Recently, the Canadian Radio-Telecommunications Commission, the equivalent of our FCC, agreed on "Usage-Based Billing" for the company Bell Canada.  The drastic move reduced the monthly usage bandwidth from 200GB down to a mere 25GB per month.  The move was met with an appropriate eruption of resistance from the oft complacent Internet community.

Perhaps Bell Canada merely applied too much pressure in too short a time.  200GB - 25GB a month is a massive and alarming leap and was met with the outpour it warranted.  Comcast, however, seems to have a more accurate read on the temerity of its consumer base.  Rather than trying to slam a lid on alloted bandwidth, Comcast used some reasonable and devious foresight in their approach.  Knowing that with a delicate touch, and enough time for fervor to come and go, Comcast has implemented a somewhat reasonable usage cap and will charge those who will most certainly exceed it in the near future as the inevitable growth of data strains their bandwidth.

From Comcast.com:
"Your Comcast High-Speed Internet service has a monthly data usage allowance of 250 gigabytes (GB). If you are wondering whether you are at risk of exceeding this 250GB threshold, you should know that the vast majority - around 99% - of Comcast customers use significantly less than 250GB per month."
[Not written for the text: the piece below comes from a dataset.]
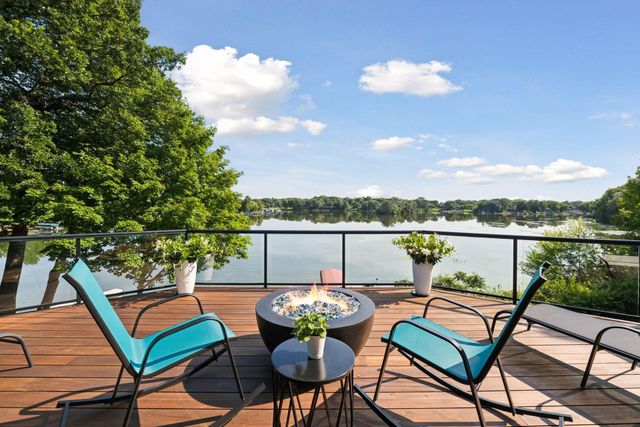 3550 Island View Circle NW, Prior Lake, MN 55372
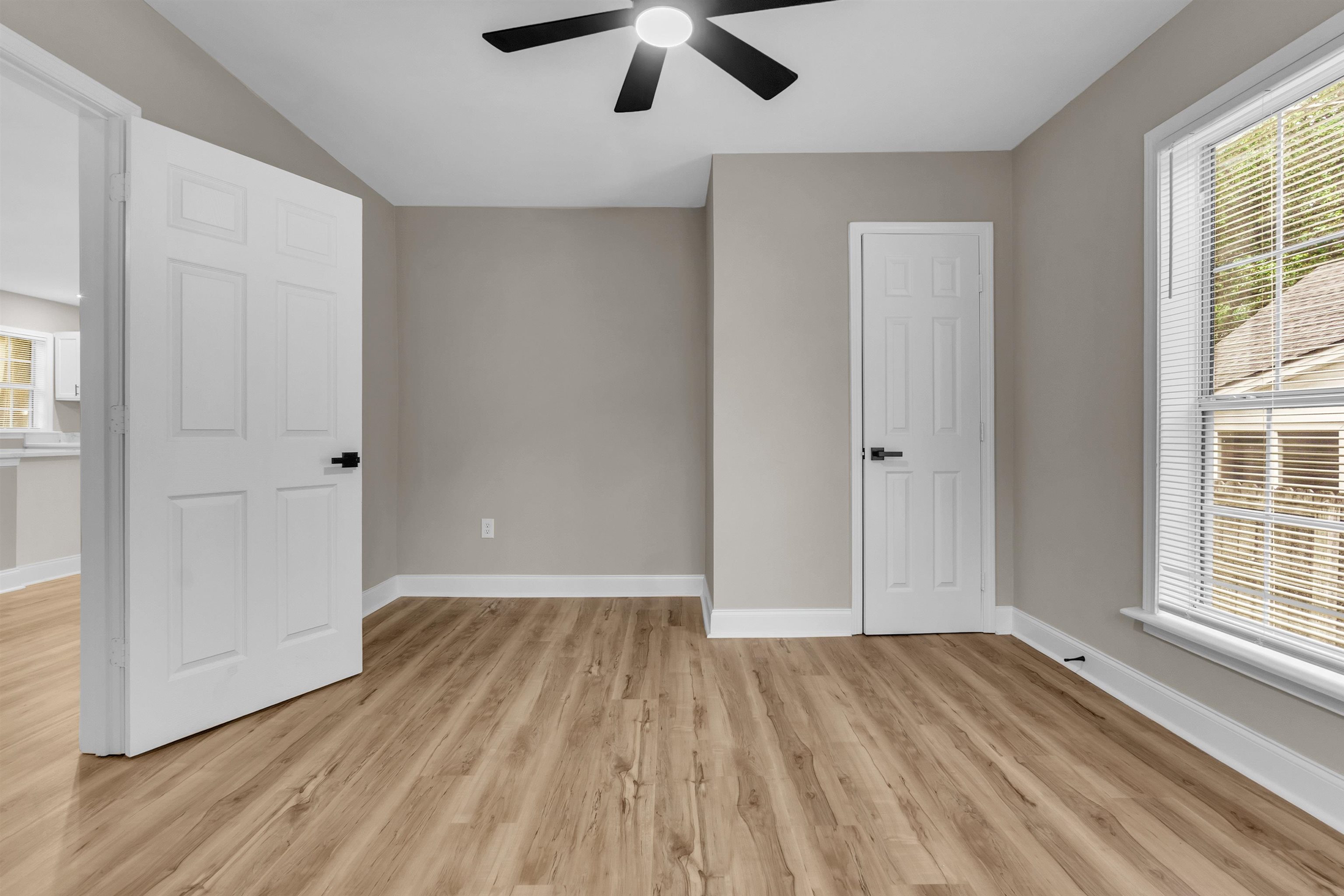 3608 Bowen Ave Property Photo 24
Certainly, a cap of 250GB will seem irrelevant to the typical Internet user when framed with statistics like "50 million plain text e-mails" and "25,000 songs", but when you consider things like high definition streaming video, online games, and entire families sharing that cap, the ceiling starts to look that much closer.  However, perhaps the most important thing to remember when considering the effects of metered Internet remains "growth".  With services like Netflix and Youtube expanding rapidly and the evolution of cleaner and clearer video and audio codecs, Comcast's 250GB cap will soon be an absurd limitation on Internet usage.